There’s something special about sharing a meal. Indeed, there was a time when our local parishes did not get along very well; as some of us were recently recalling the positive change, we realized that it began with meeting for lunch together every few months or so. God has designed human beings to be social creatures, and eating together is one of the primary ways those social bonds are strengthened. Family meals are important. Parish pot-lucks are important. Even in the business world, lunch with clients and co-workers is important.
Isn’t it interesting that the primary uniquely Christian form of worship is in the context of a ritual meal? Holy Communion is quite literally a sanctified fellowship with our Lord and each other over bread and wine, over the body and blood of Christ.
Last week I mentioned that Trinitytide is primarily about our growth in virtue, our fight against vice, our sanctification. But the first two weeks after Trinity Sunday set the stage for that growth by building a foundation of love. Last week we discussed what it means when we read in Scripture that God is love. We discussed the self-sacrificing choice that is agape love in the New Testament. This week builds upon that theme by bringing us to an agape feast.
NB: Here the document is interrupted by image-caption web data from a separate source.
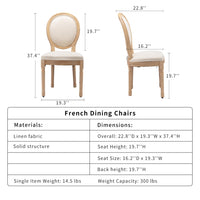 AADEN 8x Linen Dining Chairs with Solid Wood Legs- Beige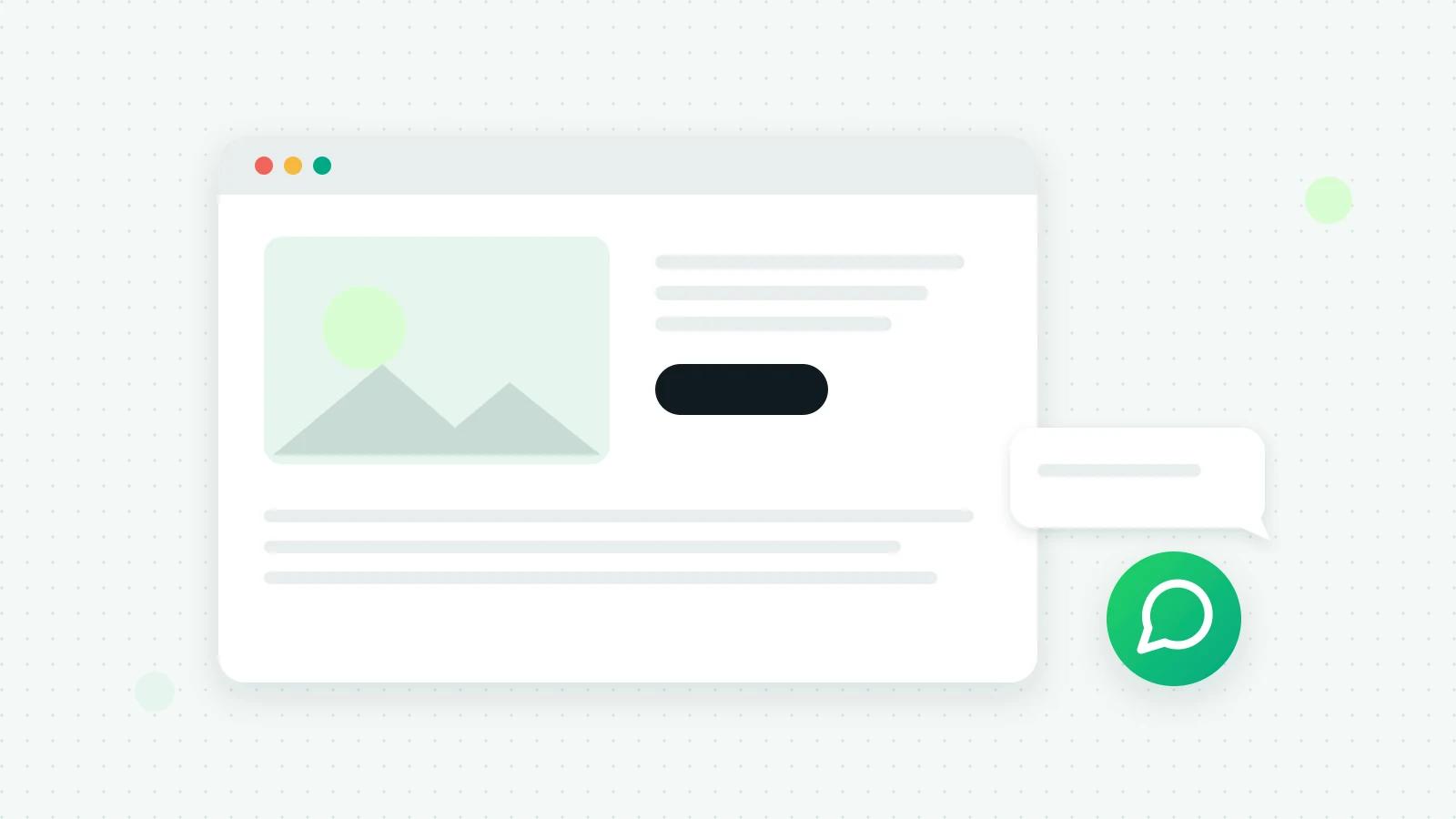 An illustration of a web page with a round green chat button in the corner and a small greeting bubble above it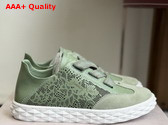 Jimmy Choo Diamond Light Flex F Verde Leather Mix and Perforated Leather Lace Low Top Trainers Replica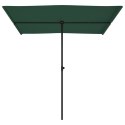 Parasol ogrodowy na słupku aluminiowym, 2x1,5 m, zielony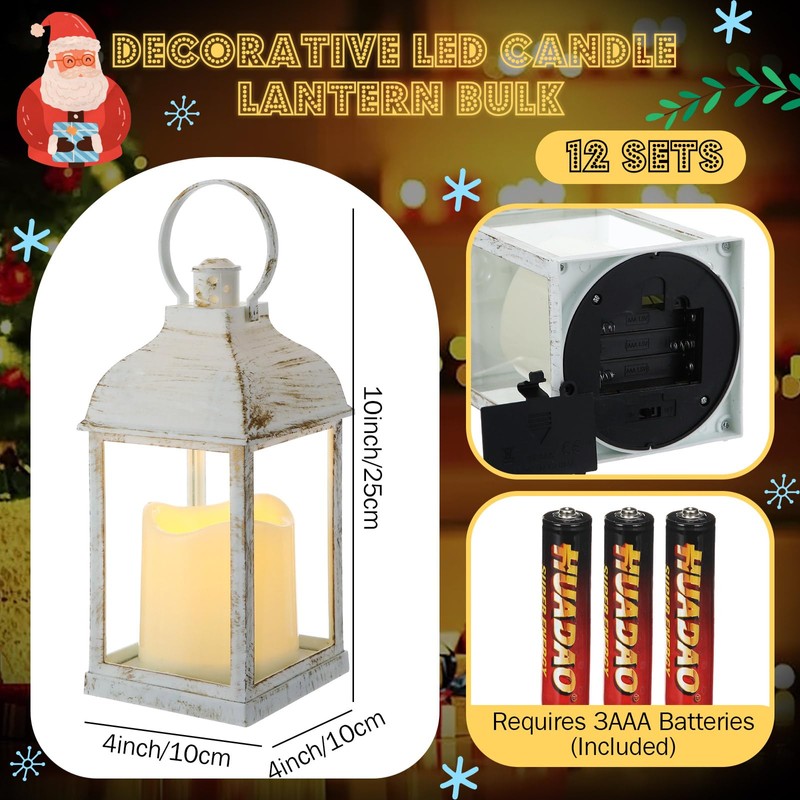 Kittmip 12 Set 10 Inch White Decorative Candle Lanterns Bulk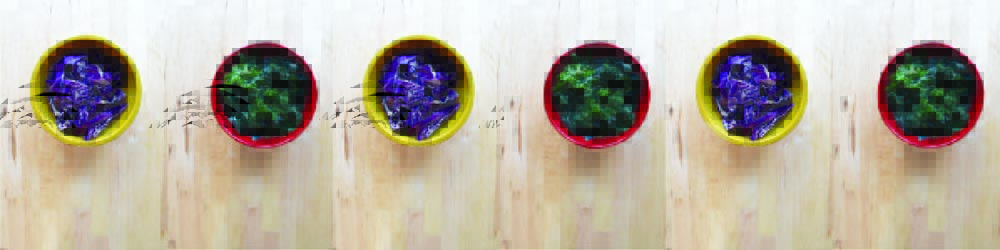 Food pop art. Colorful veggies. Kale and cabbage fried rice.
In today’s Gospel, Jesus tells a parable about such a great feast. Please turn in your bibles to Luke 14:16, page 192 in your Prayer Book:
A man once gave a great banquet and invited many. And at the time for the banquet he sent his servant to say to those who had been invited, “Come, for everything is now ready.” But they all alike began to make excuses. The first said to him, “I have bought a field, and I must go out and see it. Please let me be excused.” And another said, “I have bought five yoke of oxen, and I go to examine them. Please let me be excused.” And another said, “I have married a wife and therefore I cannot come.” So the servant came and reported these things to his master.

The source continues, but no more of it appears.